Exercise
The answer must consist only of the lines in the records below from the line with "vende um forno" to the line with "Cần bán xe Ford Everest MT sản xuất 2015-6", both included, copied word for word with every picture left out.

Source records

******************************

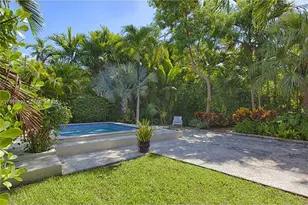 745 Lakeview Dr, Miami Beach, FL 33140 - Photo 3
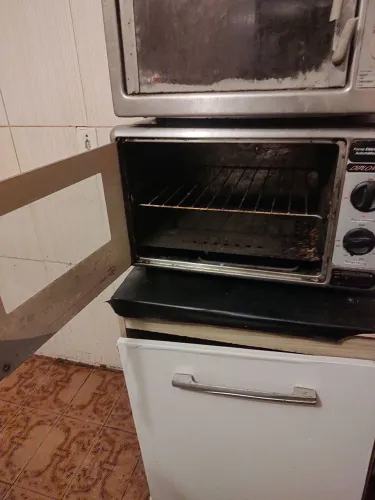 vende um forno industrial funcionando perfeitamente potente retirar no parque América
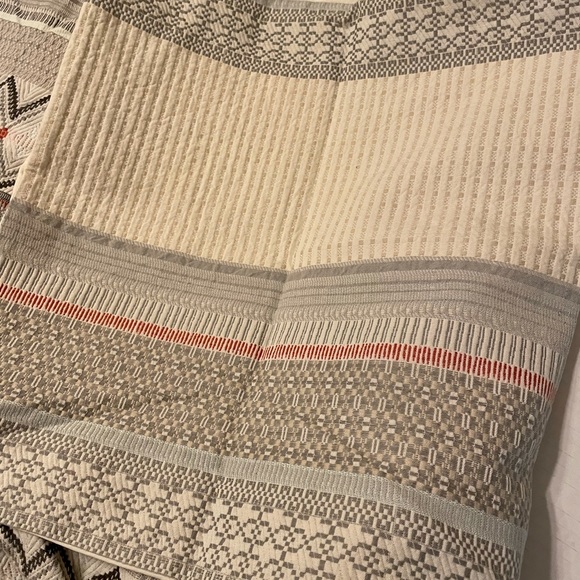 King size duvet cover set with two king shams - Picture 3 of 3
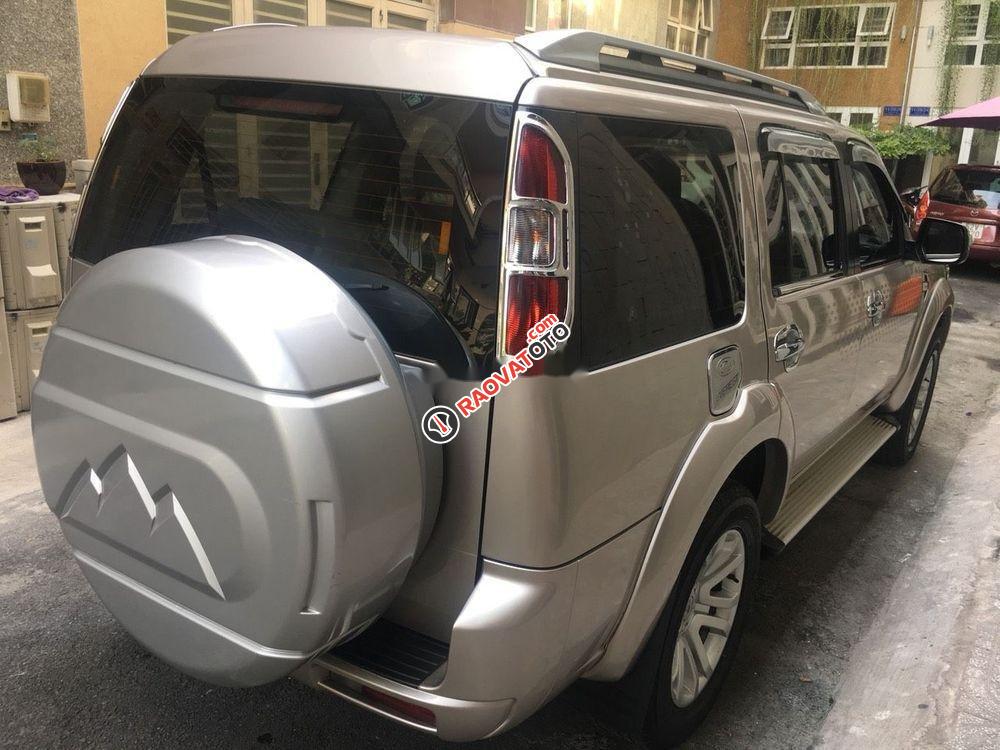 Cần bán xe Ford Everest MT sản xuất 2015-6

******************************

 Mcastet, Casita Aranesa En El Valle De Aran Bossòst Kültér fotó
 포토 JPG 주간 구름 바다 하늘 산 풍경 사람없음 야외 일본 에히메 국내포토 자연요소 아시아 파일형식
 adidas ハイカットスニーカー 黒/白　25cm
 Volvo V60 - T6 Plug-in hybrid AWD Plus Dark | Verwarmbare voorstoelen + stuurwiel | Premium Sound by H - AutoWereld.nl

******************************

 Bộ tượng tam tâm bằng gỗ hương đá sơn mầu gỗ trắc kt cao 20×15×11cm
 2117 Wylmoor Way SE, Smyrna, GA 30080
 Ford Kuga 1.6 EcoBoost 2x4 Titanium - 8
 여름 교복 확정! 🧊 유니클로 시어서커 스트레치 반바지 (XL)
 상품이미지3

******************************

Response area
 vende um forno industrial funcionando perfeitamente potente retirar no parque América
 King size duvet cover set with two king shams - Picture 3 of 3
 Cần bán xe Ford Everest MT sản xuất 2015-6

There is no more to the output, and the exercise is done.